This article is from the Australian Property Journal archive
PRIVATE investors appear to be the only ones still buying as Australia’s commercial real estate transaction volumes continue to hover around record lows, according to MSCI Real Assets, and several quiet years may be ahead for other buyers.
MSCI Real Assets research showed that for the first five months of 2023, private investors accounted for 57%, or $5.5 billion, of total transaction values, a jump from the 40% over the same period in 2022.
Listed players, on the other hand, made up only 11%, or about $1 billion – an 80% decrease year-on-year.
“We are witnessing a pattern reminiscent of previous slowdowns like the Global Financial Crisis (GFC) and during the COVID-19 pandemic,” Benjamin Martin-Henry, Head of Pacific Real Assets Research at MSCI, said
“One explanation may be the inherent opportunism of private investors. During periods of market turbulence, they often seek out opportunities when more cautious institutional investors remain on the sidelines,”
Offshore investors and private players driven by attractive asset pricing have been tipped to dominate Australian retail real estate acquisitions throughout 2023, while AREITs will likely be net sellers.

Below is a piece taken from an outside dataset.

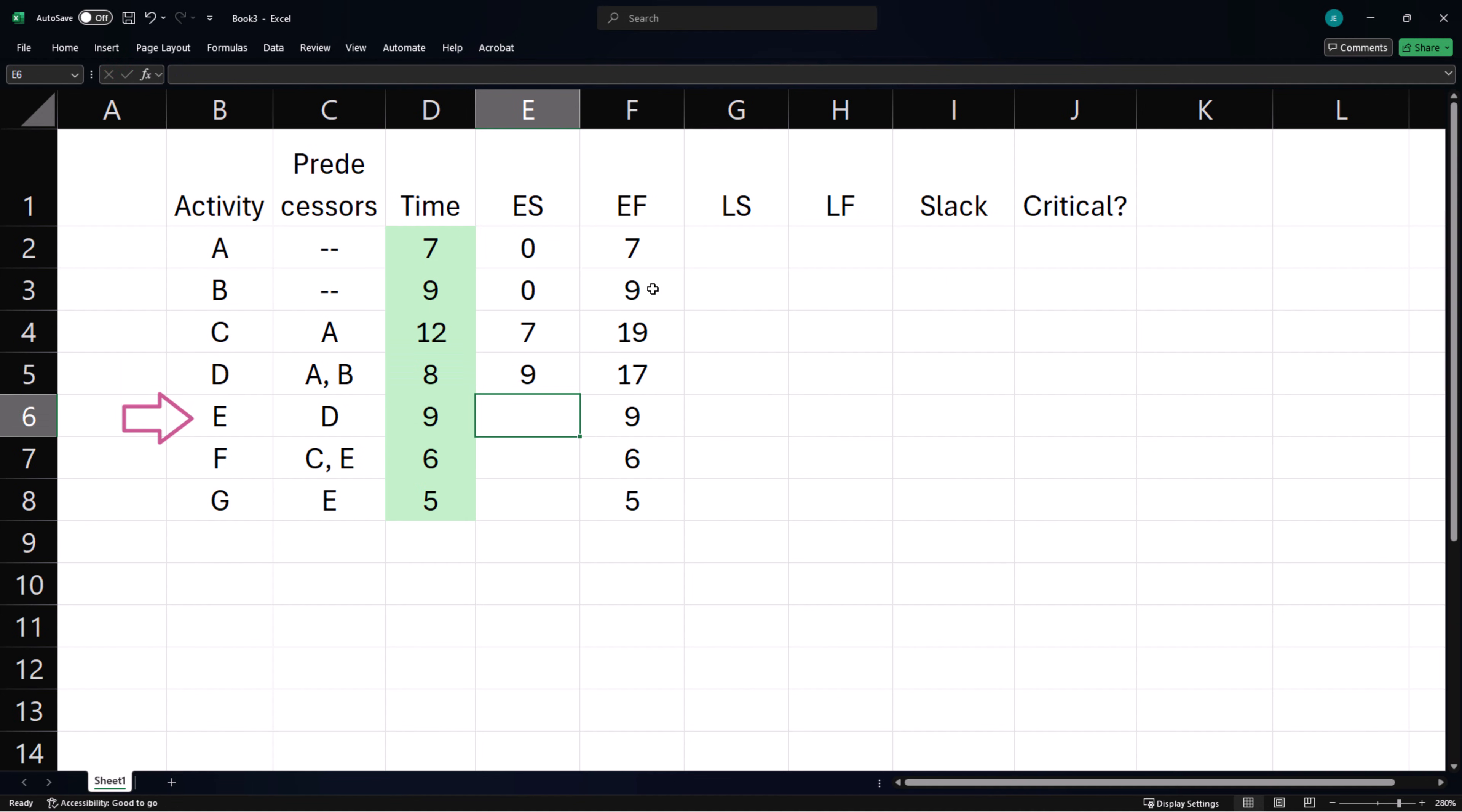Activity E needs D to be completed, so its earliest start time equals D's earliest finish time.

Private investors have shown a strong preference for the retail sector this year, which accounts for approximately 32% of their allocation as at the end of May, despite other investor groups largely avoiding it.

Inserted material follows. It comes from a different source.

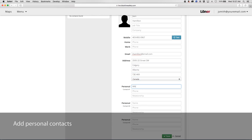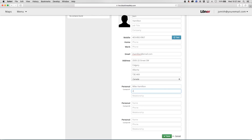Add optional personal contacts for the new contact. Personal contacts have a personal relationship with the device user and may be contacted after an emergency alert has taken place, depending on the response protocol.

The total volume registered by private investors in the first five months of 2023 was still a decline of 53% year-on-year, but private investors are proving relatively more active than their counterparts. Martin-Henry said that besides listed players pulling back sharply, cross-border institutional investors are also largely absent.
A similar trend had emerged in the wake of the GFC in 2008, he said. During the GFC, private investors reduced acquisition levels by about 30% compared to 2007, listed players cut their acquisitions by around 80%, and institutional investors — both local and from overseas — almost entirely withdrew from the market, and stayed away in the aftermath.
“What might we infer about future buyer activity from historical trends? If patterns are to be repeated, it wouldn’t be surprising to see several quiet years ahead for buyers other than private players,” Martin-Henry said.
He said that In terms of recovery, it took private investors four years to return to pre-GFC (circa-2007) investment volume levels, whereas listed players took six years. Institutional cross-border investors did not return to 2007 levels until 2021. Domestic institutional investors did not reach 2007 levels until 2013 and their cross-border counterparts still have not recovered to those levels, even though they came close in 2021.
“Last year there was uncertainty around interest rates. Now, I think there’s more certainty about where interest rates are going…but, the problem we have down here is that pricing is a huge problem. There is quite a large gap between buyers and seller expectations.”
MSCI analysis showed office values would need to shift by 15% to 18% in order to get back to long-term liquidity levels. That figure is slightly higher for retail assets and slightly lower for industrial and logistics.
Dexus’ has just confirmed that its 44 Market Street tower in the Sydney CBD had sold at a 17.2% discount to book value, and it is also reportedly selling 1 Margaret Street at a 21% discount to the book value.